Parents will learn how to foster individuality in any and all children, whether twins or singletons; pre-pubescent girls will appreciate how identity comes from within; scholars will become acquainted with the humanistic side of multiple births; and any avid reader of lyrical prose won’t put this book down for long.

 

But, as a child, I twin-acted, a traitor to my twin self, hating it and everything for which it stood.  That unseparated self carved its own cavity within me.  She defined me.  Without her, I was nothing.  Less than nothing.  An unnamed, untraceable grifter without a past.  Composed of two selves, one on either side of an impassable dividing line, I could barely endure the staple of incompleteness without which I’d never lived.  I could fight it—and my sister—as I did for years, but to extricate myself from Addie, or Addie from myself, launched a self-defeating civil war.  If I won, I’d still lose.  And if I didn’t do a thing, I just might disappear.  I could barely hold firm to my own name; copyright protection didn’t apply to likefaced products like twins.  Twinism was the infringement and, extant in the public domain, we had no rights.  Our commercial value was in what we were, not what I was, not what she was.
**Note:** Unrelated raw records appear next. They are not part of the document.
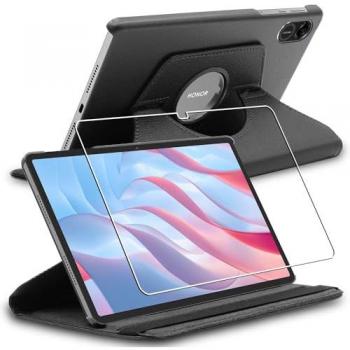 Housse pour Honor Pad X9 en PU Cuir Rotatif 360 + Film de Protection en Verre Trempé, Noir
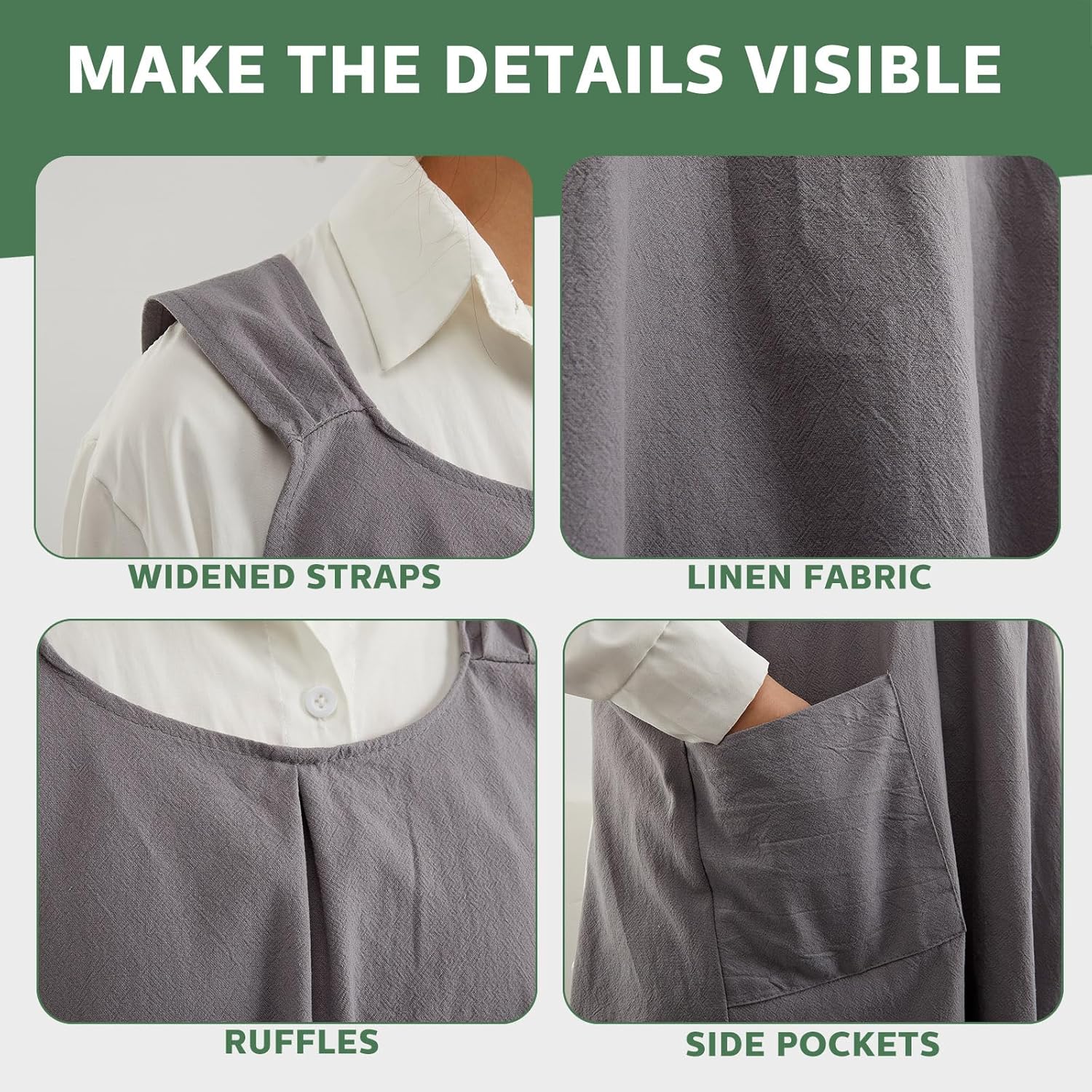 JaGely 2 Pack Japanese Linen Cross Back Kitchen Cooking Aprons for Wom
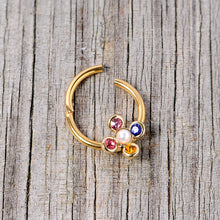 Load image into Gallery viewer, 16G 3/8 Pink Blue Gem Gold Tone Hinged Segment Ring
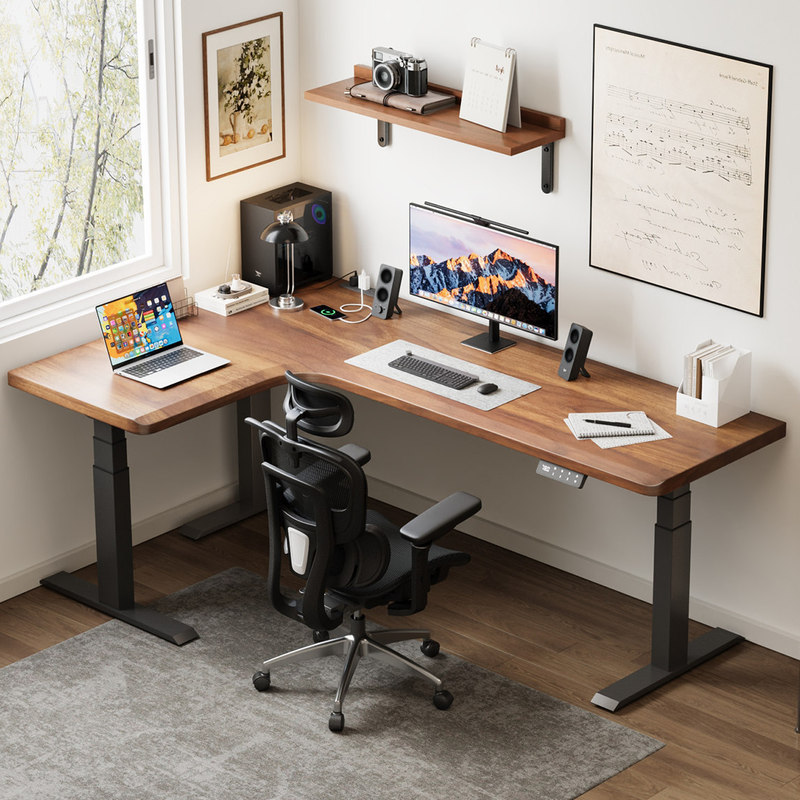 Sanmeng Solid Wood Corner Electric Adjustable Desk Desktop Computer Desk Home Office Desk Double Gaming Table Workbench Sanmeng Solid Wood Corner Electric Adjustable Desk Desktop Computer Desk Home Office Desk Double Gaming Table Workbench
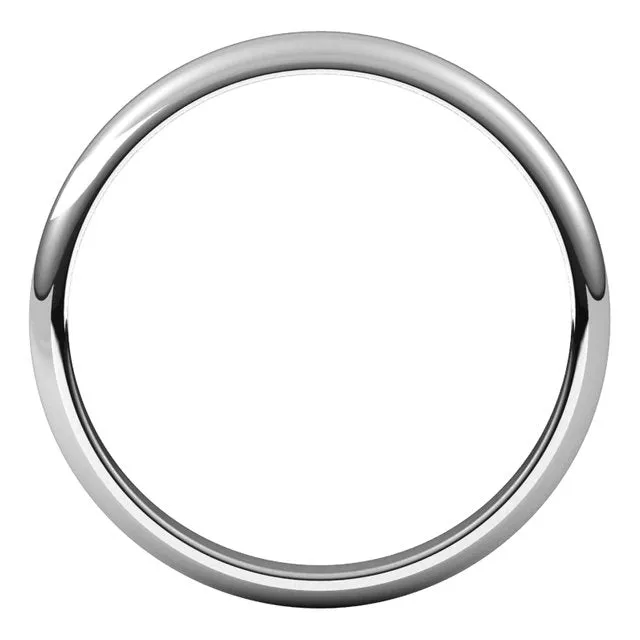 10K White Gold Half Round Wedding Band, 2.5 mm Wide
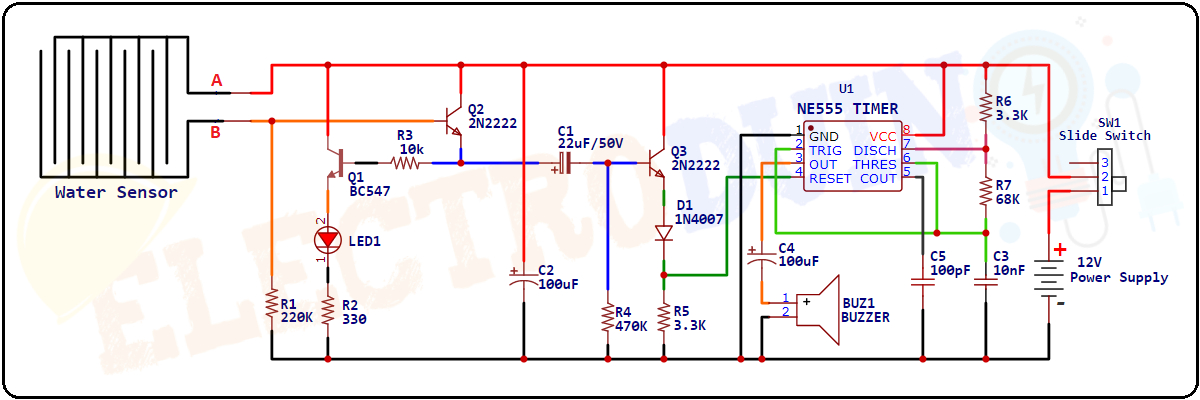 Circuit Diagram of Simple Rain Alarm Circuit using NE555 Timer IC, Introduction to Rain Alarm Circuit, Project Concept, Block Diagram, Components Required, Circuit Diagram, and Working Principle.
And so, without it, without her, I didn’t exist, my birth as a twin having revoked my license to an individual life.  My only life was a shared one.  Despite the beauty of an intimacy few people will ever know, crowd suggestibility aimed to squash me from sight, and a world parabalized us by our very nature, pushing me to wage a battle deep inside myself, where the I I’d never known might be.  Hidden from view, I harbored little good will for the twin, and consequently, for my sister.  I had to move away from her, on my terms, to hear my own voice, discover my own footprint, realize my own name.  I had to leave her to truly appreciate her.